Ceci d’autant plus que le virus pourrait voyager en « aérosol » jusqu’à quatre mètres d’un malade, selon une étude publiée vendredi par les Centres américains de prévention et de contrôle des maladies (CDC), qui ne précise pas toutefois si la quantité éjectée est suffisante pour infecter un tiers.
Alors que le monde s’apprête à vivre la pire crise depuis « la Grande Dépression » selon le FMI, les ministres de l’énergie de pays du G20 ne sont pas parvenus à se mettre d’accord sur une baisse de la production pétrolière, pour contrer la chute des cours entraînée par la pandémie.
Des masques au lieu des chips
En Europe, en revanche, les 27 sont parvenus jeudi à un accord prévoyant 540 milliards d’euros immédiatement disponibles et un fonds de relance à venir d’un montant équivalent.
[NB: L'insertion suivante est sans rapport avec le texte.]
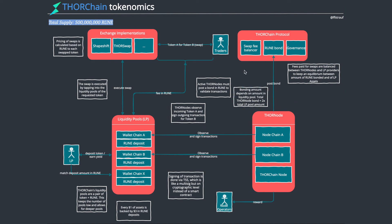That's how this ThorChain ecosystem comes together. One last thing, if you hold Rune, you've got some governance rights that you can use, and those are partially used for voting or deciding on what other chains they want to onboard next. The current chain they're working on onboarding is the Terra ecosystem, so you can decentralize the ability to exchange Luna or UST for something like Bitcoin or Ethereum. ThorChain is a really interesting way of designing their tokenomics. They've really embedded this token deeply into the functionality.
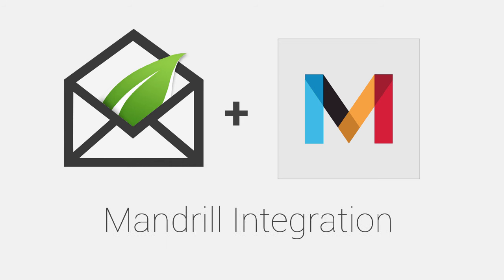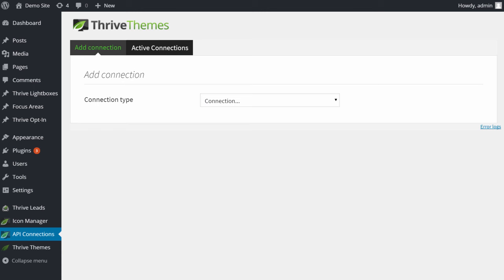In this video we'll have a quick look at how to set up a Mandrill app integration with Thrive Leads. To do so, the first step is to go to your WordPress admin dashboard and go to API connections.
Un sommet européen se réunira le 23 avril pour « jeter les bases d’une reprise économique musclée ».
Face aux ravages et à la menace du virus, c’est souvent la gestion en urgence au jour le jour ou l’improvisation un peu partout dans le monde.
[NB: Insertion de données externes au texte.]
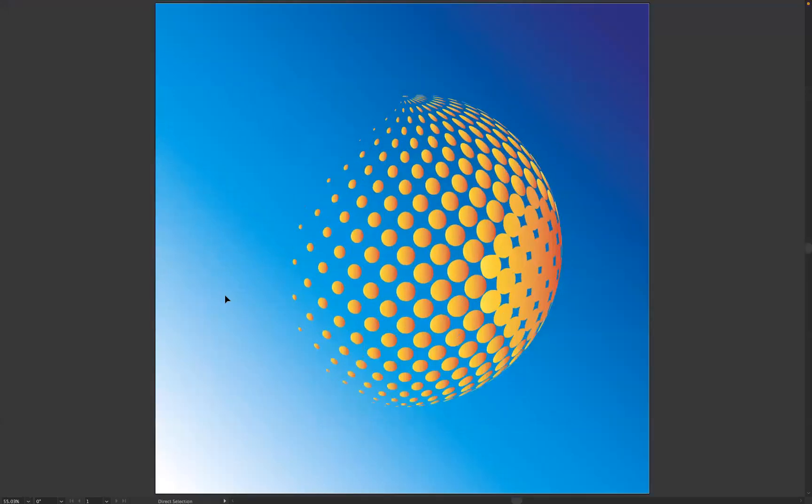And there you go guys, that's how you create a halftone sphere in Adobe Illustrator. If you're interested in finding out more about our school, please take a look at our website at blueskygraphics.co.uk. Also take a look at our socials and Instagram for some really cool information. Thank you very much guys, take care and I'll see you next time.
Au chômage technique, des employés de compagnies aériennes et d’hôtels en Suède ont été mis à contribution pour aider les hôpitaux et les maisons de retraite.
A Abidjan, c’est la course aux masques. « D’habitude on vend des chips mais en ce moment, on vend des masques », constate une vendeuse de rue.
Quelques inconscients bravent encore le confinement, comme ce coiffeur de Pristina, au Kosovo. « On peut fermer les salons de coiffure mais on ne peut pas ordonner aux cheveux de ne plus pousser », justifie-t-il.
En Chine, où le virus a été apparemment jugulé, des Africains vivant dans la grande métropole de Canton (sud) subissent vexations et discriminations, après plusieurs cas positifs dans la communauté nigériane. « J’ai dû dormir sous un pont pendant quatre jours sans rien à manger. Je ne peux même pas acheter de nourriture, aucun magasin ou restaurant ne m’accepte », raconte un étudiant ougandais. « On est dans la rue comme des mendiants », peste le jeune homme, forcé de quitter son appartement.